### Action item
Please write out all the entries exactly, without the pictures.
※ ※ ※
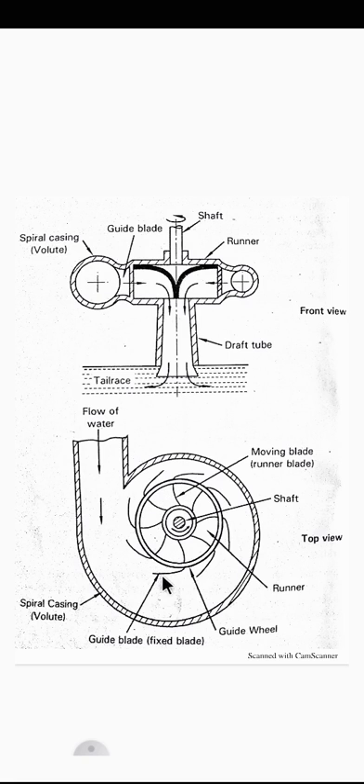The blades are fixed around the circumference of the guide wheel and are called guide blades, stationary blades, or fixed blades. These guide blades allow the water to strike at a certain angle on the moving blades. Next is the spiral casing.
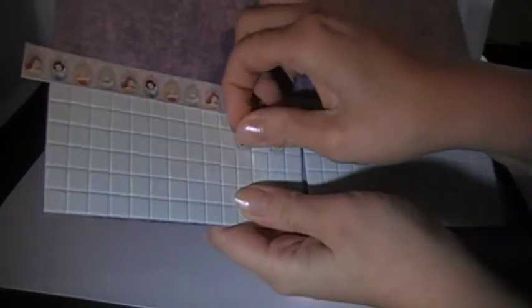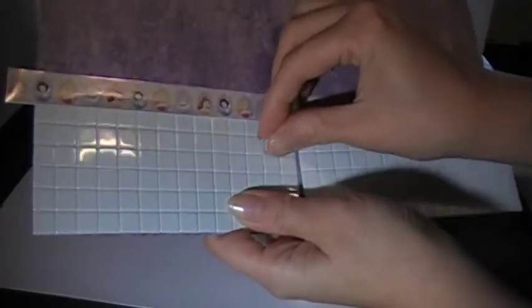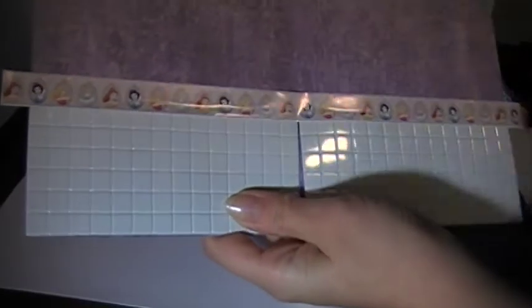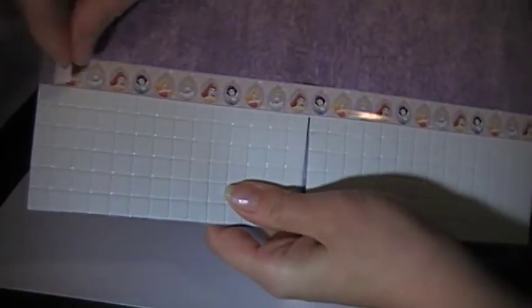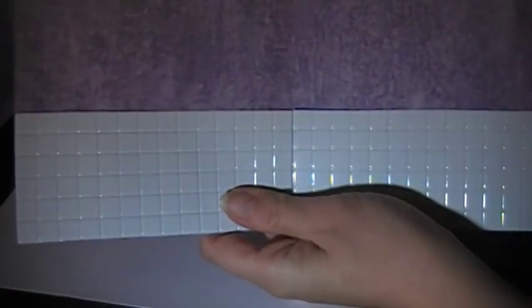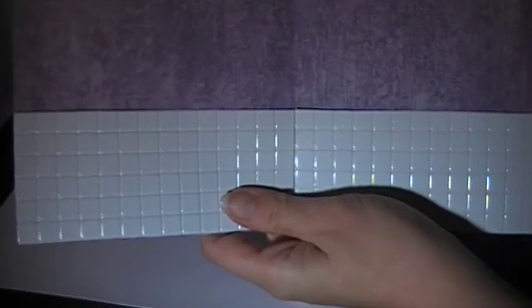You simply peel your tiles off with a fingernail or a sharp instrument and you just simply remove your wallpaper. It is that simple. You can change all the rooms or decorate them for your favorite holiday.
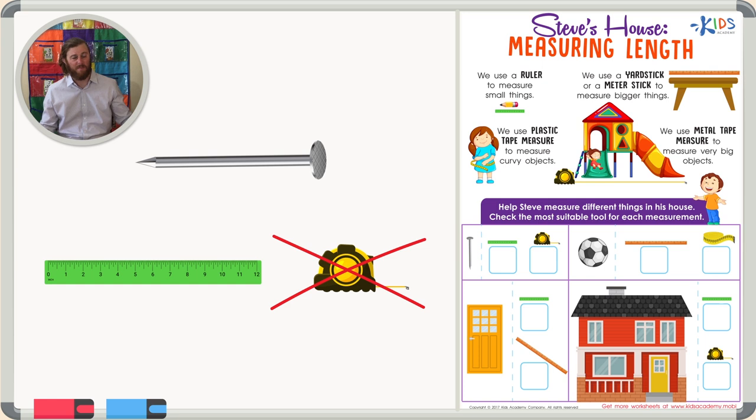In my estimate, or my best guess, I would say a nail is a few inches long. So the best tool to measure a nail is in fact a ruler. We would only need one ruler to measure a nail, which makes this the right choice.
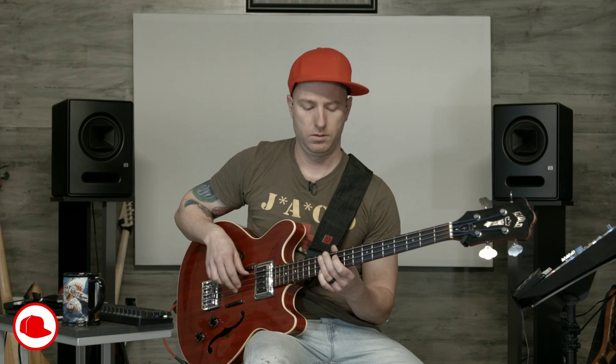All right, let's see if we are live. There we go. We have sound and picture and everything, I think.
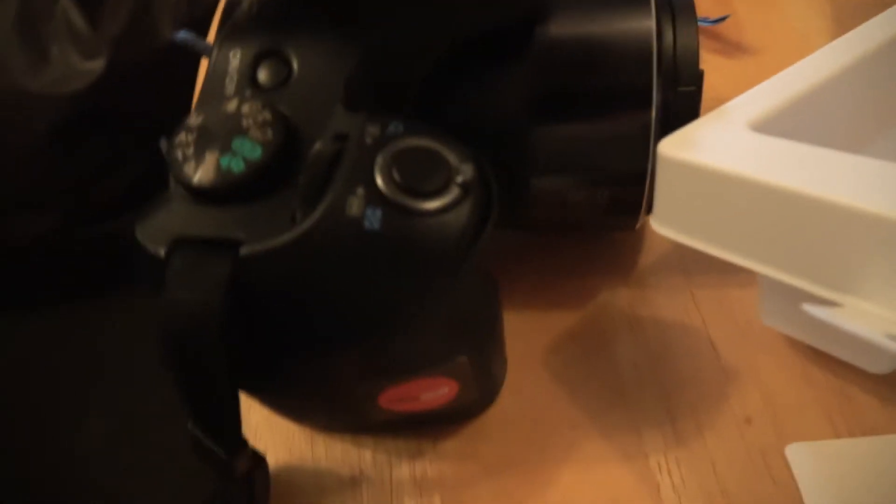I've waited so long to have an external microphone and a really, really nice camera, and my dreams have came true. Here's the old rig — I won't be filming much more on this. I'm still going to be using it for photography, because who does photography with a camcorder? I'm still going to be doing that with a stills camera.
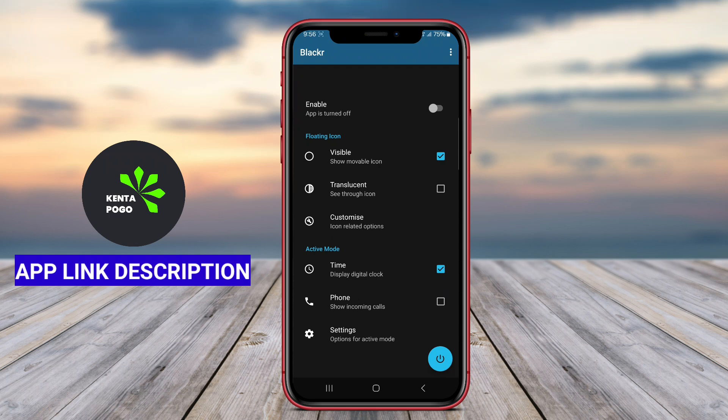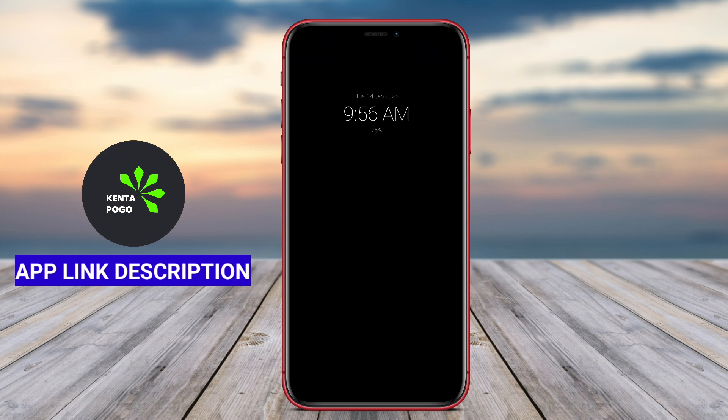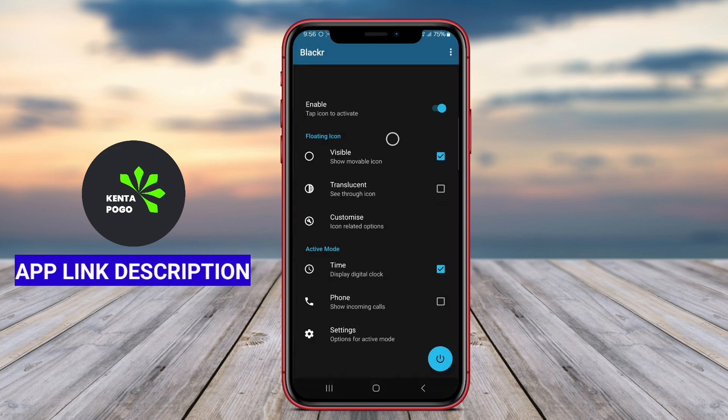BlackOLED ScreenOff is a specialized application designed for Android devices that utilize OLED screens. Its primary function is to provide users with a quick and efficient way to turn off their device's display, leveraging the unique characteristics of OLED technology to conserve battery life and prevent screen burn-in.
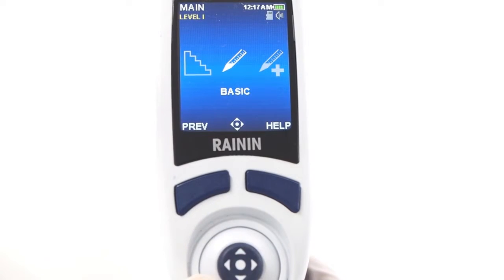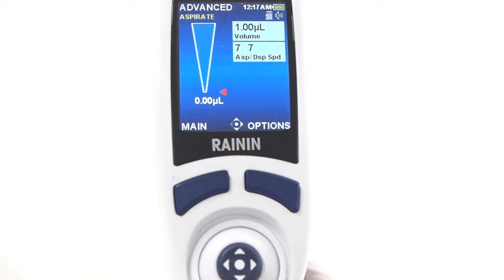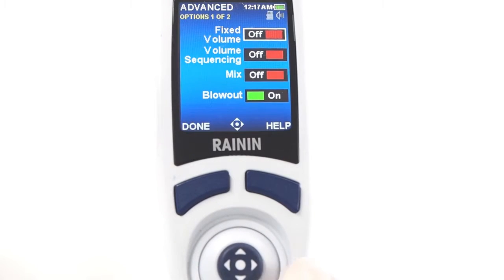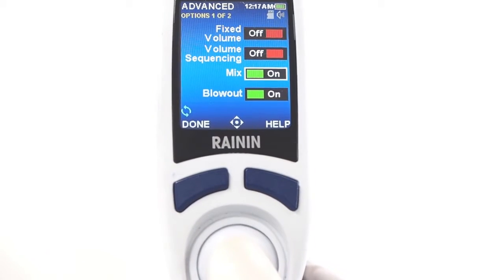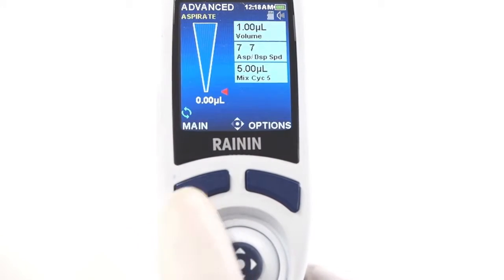Modes on the E4 give you a variety of pipetting options. For example, in advanced mode, press options in the lower right. This opens a screen of on/off switches for options like mix, volume sequencing, and others. Let's take mix as an example. Press in to turn it on, then press done.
※ ※ ※
### Solution to this exercise
The blades are fixed around the circumference of the guide wheel and are called guide blades, stationary blades, or fixed blades. These guide blades allow the water to strike at a certain angle on the moving blades. Next is the spiral casing.
You simply peel your tiles off with a fingernail or a sharp instrument and you just simply remove your wallpaper. It is that simple. You can change all the rooms or decorate them for your favorite holiday.
In my estimate, or my best guess, I would say a nail is a few inches long. So the best tool to measure a nail is in fact a ruler. We would only need one ruler to measure a nail, which makes this the right choice.
All right, let's see if we are live. There we go. We have sound and picture and everything, I think.
I've waited so long to have an external microphone and a really, really nice camera, and my dreams have came true. Here's the old rig — I won't be filming much more on this. I'm still going to be using it for photography, because who does photography with a camcorder? I'm still going to be doing that with a stills camera.
BlackOLED ScreenOff is a specialized application designed for Android devices that utilize OLED screens. Its primary function is to provide users with a quick and efficient way to turn off their device's display, leveraging the unique characteristics of OLED technology to conserve battery life and prevent screen burn-in.
Modes on the E4 give you a variety of pipetting options. For example, in advanced mode, press options in the lower right. This opens a screen of on/off switches for options like mix, volume sequencing, and others. Let's take mix as an example. Press in to turn it on, then press done.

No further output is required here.